Further options to optimize indexing tree size
Simplest option would be to decrease the number of elements indexed. We can re-think on our use-cases and real need to index every single element that is in the buffer (timers and SQLs we often need in aggregated mode only).

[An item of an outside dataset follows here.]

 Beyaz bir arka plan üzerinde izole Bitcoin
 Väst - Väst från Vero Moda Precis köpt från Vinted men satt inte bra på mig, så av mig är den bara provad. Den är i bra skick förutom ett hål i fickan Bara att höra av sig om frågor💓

The other option to optimize the indexing tree size would be to go away from the maps and implement different structure.
The additional option would be not to map the element ID with the element it self (that's what we store in maps). Because the element ID is only needed for direct element retrieval and this use case we have only for invocation sequences. Thus for everything else we could spare that space by holding the elements in the array list for example.